Dr. Virginia Hernández-Gea, hepatologist at Clínic in the Hepatic Hemodynamics Unit and researcher in the Regulation of liver microcirculation in cirrhosis and hepatic vascular diseases group at IDIBAPS and CIBERehd, has been part of the international expert panel that developed this document, published by the European Association for the Study of the Liver (EASL) in the Journal of Hepatology.
What is TIPS and what is it used for?
TIPS is a minimally invasive technique that creates an artificial connection within the liver between the portal vein and the hepatic vein. This shunt reduces portal pressure and is mainly used to treat severe complications of cirrhosis, such as esophageal variceal bleeding and refractory ascites (persistent accumulation of fluid in the abdomen that does not respond to standard treatments). The procedure has become a fundamental therapeutic tool in managing complications associated with portal hypertension and represents a major advance in improving the quality of life and prognosis of people with advanced liver disease.
However, its application requires careful patient selection and optimized post-procedure management.
What do the new TIPS guidelines provide?
The publication of the EASL guidelines marks a turning point, as for the first time there is a reference document that sets out clear and updated criteria on when and how to indicate TIPS, what tests to perform before the intervention, contraindications, the technique itself, and subsequent follow-up. Until now, recommendations on TIPS were dispersed in other documents on portal hypertension or cirrhosis, lacking a comprehensive and consensus-based guideline.

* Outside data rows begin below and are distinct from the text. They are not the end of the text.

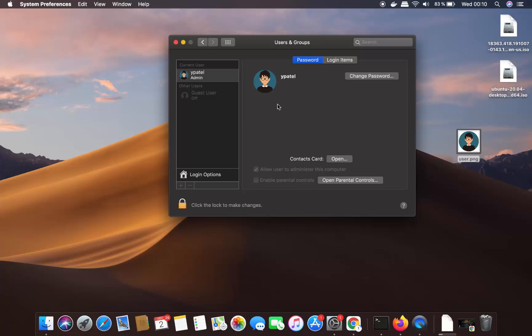So this is how you can change the user picture on your Mac operating system. I hope you've enjoyed this video, and I will see you in the next video.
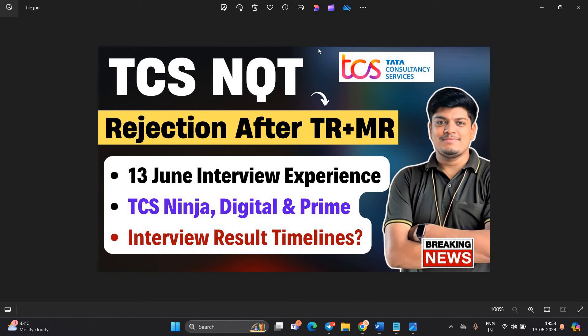Hello everyone, I am Lokesh and welcome back to our channel Online Learning. Friends, this video is related to breaking news.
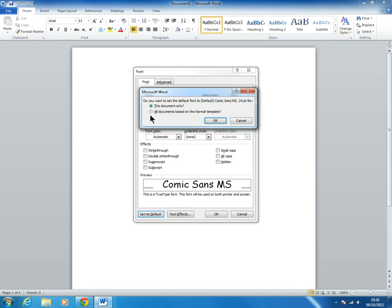The prompt asks: Do you want to set the default font for this document only or for all documents based on the normal template? Select 'All documents based on the normal template.'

The document places special emphasis on the following points:
- Patient selection criteria: The guidelines precisely define ideal candidates for TIPS, considering factors such as the severity of liver disease, presence of comorbidities, and risk of post-procedure complications.

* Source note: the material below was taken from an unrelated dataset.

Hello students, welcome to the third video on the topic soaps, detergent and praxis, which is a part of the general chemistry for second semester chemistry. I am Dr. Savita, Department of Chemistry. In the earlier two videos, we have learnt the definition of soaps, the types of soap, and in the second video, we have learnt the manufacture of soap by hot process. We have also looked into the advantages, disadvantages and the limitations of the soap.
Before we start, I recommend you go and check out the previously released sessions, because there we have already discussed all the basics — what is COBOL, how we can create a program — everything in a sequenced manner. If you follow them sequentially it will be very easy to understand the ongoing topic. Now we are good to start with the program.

- Standardization of the technique: Recommendations are provided on the most appropriate TIPS technique in different clinical scenarios, including the use of covered stents and measurement of the portosystemic pressure gradient.
- Post-TIPS management: The guidelines emphasize the importance of long-term follow-up to detect and treat complications such as hepatic encephalopathy and stent stenosis.
- Multidisciplinary integration: The need for a collaborative approach between hepatology, interventional radiology, and other specialties is highlighted to ensure the success of the procedure.
Dr. Hernández-Gea points out that "these guidelines will provide clinicians with a valuable tool to make informed decisions about the use of TIPS, improving quality of life, reducing complications associated with portal hypertension, and increasing survival in patients with cirrhosis."
The guidelines will be integrated into the EASL mobile app, thus enabling healthcare professionals to quickly and easily access recommendations, figures, and tables, in line with current trends in healthcare digitalization.
Article reference:
European Association for the Study of the Liver. EASL Clinical Practice Guidelines on TIPS. J Hepatol. 2025 Apr 1:S0168-8278(25)00066-2. doi: 10.1016/j.jhep.2025.01.029.